Secondly, NONE of his lucky mates, have Twins with acute/silent Reflux and our Twins can still puke all over you at any given time. In fact, my daughter recently did a nice big milk puke while we were sat at that über cool Bar on South Beach where everyone is all “Hi, yeh, hi…look at my toned non-baby baring arse, tummy, 20-year-old thighs”… while they play anything from Cafe del Mar, to Dance music.
So, I sat there covered in my daughters puke and while The Captain laughed at me in this super cool/bar/cafe, wearing his annoying fucking Aviators (Top Gun has a lot to answer for, aside from Scientology) …. I pulled off my top and revealed a very skimpy vest top beneath. You gotta be prepared as a Mum of Twins after all …. even if it means layering your clothes to save space in the baby bag.
And you know what girls…. before the twins… I was one hot mutha (and in my mind, I always will be… even if I never was!). I have the confidence to knock any wanker off their feet that tells me I can’t do what I want, when I want or chose. I’m not saying I’m ANYTHING amazing. It’s the attitude of those arrogant bastard men, that I walk around with. I think I’m better!!! Wrong or right, who cares but i will never ever let my girl/boy destroy anyone on this kind of bullshit appearance crap. If you have faith & believe in yourself, let go of any potential “oooh… Im too fat/skinny/ugly/wotever” crap. If you feel great… live it. I do and I’m not an arrogant arse. I’ve just had so many years of fab therapy with someone who told me… “it’s not you, its them” + I’m not talking about Men. I cleaned the floor with any Man who tried to top me. The captain included. I love that. Anyhow, during the puking incident, The Captain laughs, then turns to me and says, “errr… babe… your boobs are very revealing in that top. Cover up?!” I didn’t of course …. his eyes we fixated. I want his eyes… RIGHT ON ME. I’m not putting that top on, even if Jesus suddenly appeared.

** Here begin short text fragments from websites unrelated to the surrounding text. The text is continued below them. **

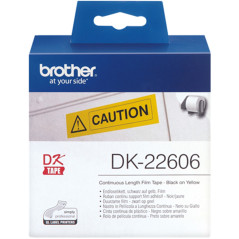 Brother DK-22606 nastro per etichettatrice Nero su giallo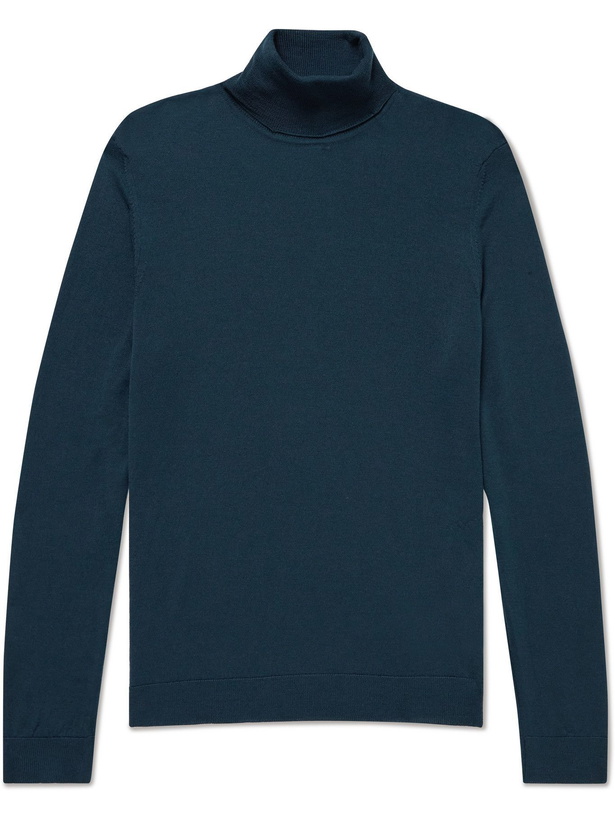 Photo: NN07 - Richard Wool Rollneck Sweater - Blue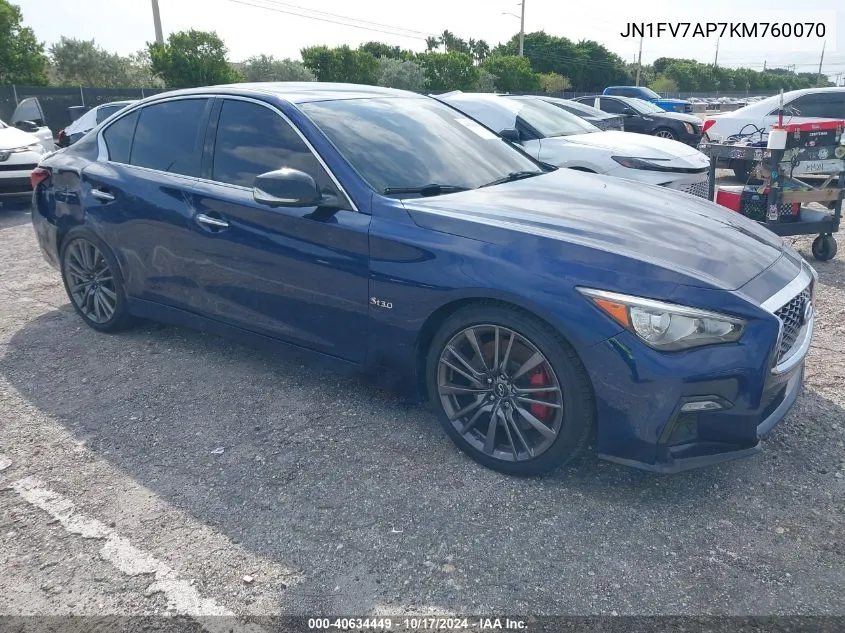 JN1FV7AP7KM760070 2019 Infiniti Q50 3.0T Red Sport 400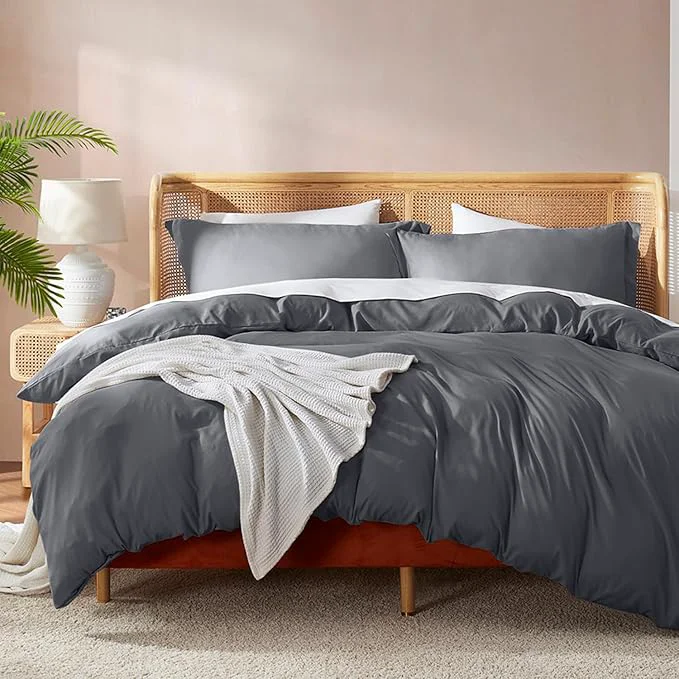 Practical Nestl Dark Grey Duvet Cover Full Size – Soft Double Brushed Full Size Duvet Cover Set 3 Piece with Button Closure 1 Duvet Cover 80×90 inches and 2 Pillow Shams Contemporary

Anyhow, all of The Captains comments alone made me want to fucking hit him with Itchy’s new Havaiana flip flops in baby size 19 (yes, I bought my daughter some super cool flip-flops …. along with some sunnies, Baby Banz today).
So now, here’s the question for some of you Mums who want to kill your Partners before you go on holiday with them, and they utter those fucking annoying tomes “CHILL OUT”. Pack lots and lots and lots of Valium, unless you have the balls to smuggle other things in via certain orifices I can’t name for legal reasons. Then, arrive, book into the spa and spank that bastard Credit Card until it hurts him. I’m soo good at NOT doing that, but my word, recently…. It’s the only place that seems to hurt him/any man.
Our new place of destination is, Bali. My new friend/girl crush, Parental Parody, if you are reading this…. any advice/suggestions on how NOT to harm my hubby (or his family…. who I will never match or be above) would be much appreciated and noted.
I’m sure we will all have a swell time together. Me, the Twins, in-laws & extra family joining us. Can’t bloody wait. Joy.
ps. YES IM FUCKING UNGRATEFUL but… I’ve had terrible insomnia again girls and its killing my writing buzz (which is the only thing keeping me sane on this Island, that is Hong Kong). Shame…. I still see myself back in freezing, shitty cold, taxing London. But at least, I was never alone.